La Comisión de Agricultura y Desarrollo Rural del Parlamento Europeo celebró el miércoles 18 de marzo una sesión extraordinaria para examinar el acuerdo agrícola suscrito entre Marruecos y la Unión Europea el pasado 3 de octubre, con especial atención a las preferencias arancelarias otorgadas a los productos procedentes de las provincias del sur.
Durante la reunión, la Comisión Europea defendió el sistema de etiquetado acordado con Rabat, calificándolo como "una solución práctica y legal", según declaró Brigitte Mison, directora general adjunta de Agricultura en la Comisión Europea.

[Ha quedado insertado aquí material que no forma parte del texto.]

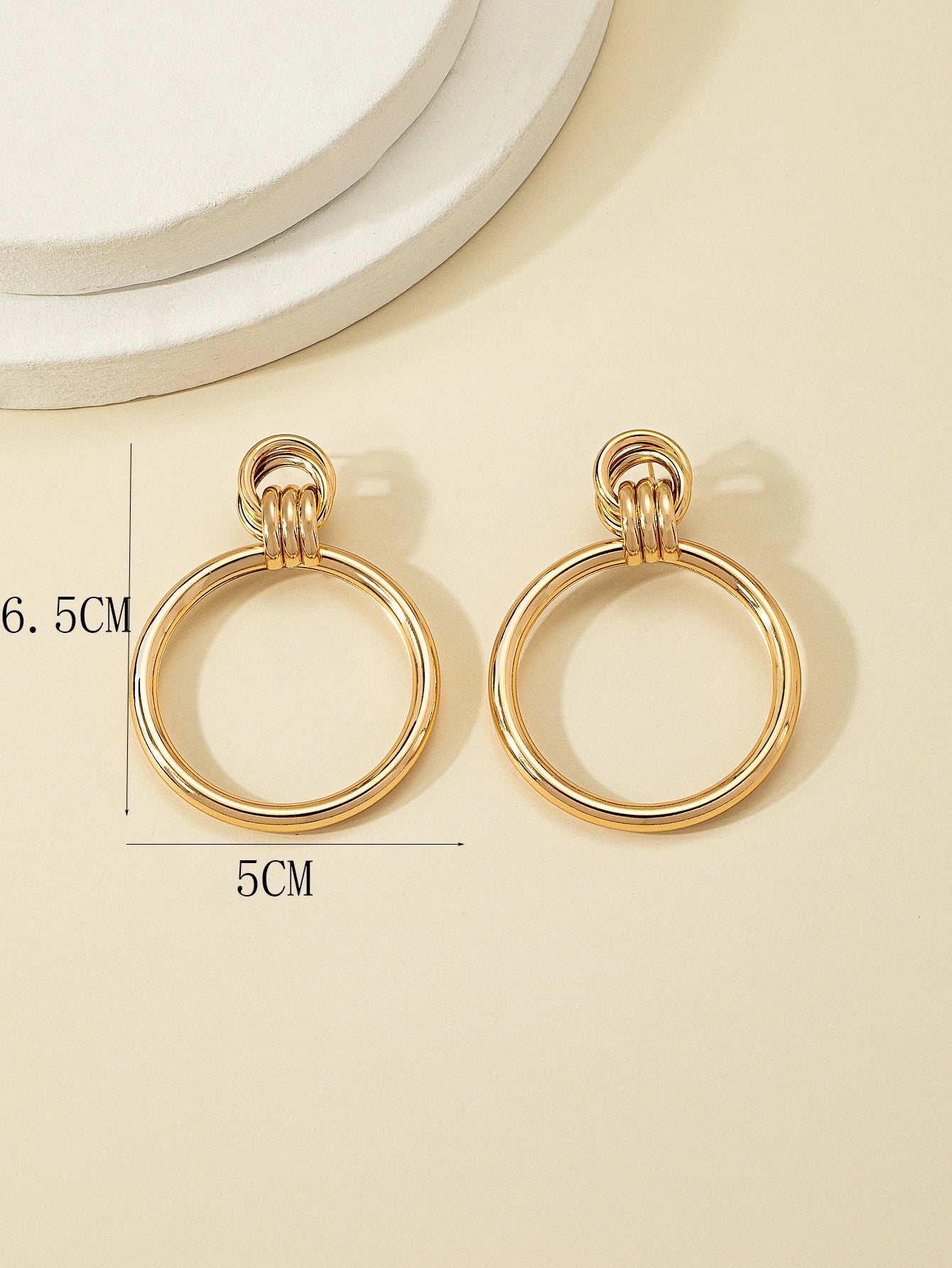 Gold hoop earrings on a beige background with measurements indicated.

La alta funcionaria europea confirmó ante los eurodiputados que el acuerdo firmado en octubre no modificó el ámbito de aplicación vigente desde 2018. Mison precisó que el Sáhara, bajo administración aduanera marroquí, continúa beneficiándose de las preferencias previamente negociadas, y subrayó que el nuevo acuerdo no introdujo concesiones adicionales para los productos originarios de estos territorios.
Asimismo, la representante europea destacó que el sistema de etiquetado también beneficia al consumidor europeo al permitirle conocer con precisión el origen de los productos adquiridos. Mison enmarcó este acuerdo dentro de la asociación estratégica que la UE mantiene con Marruecos.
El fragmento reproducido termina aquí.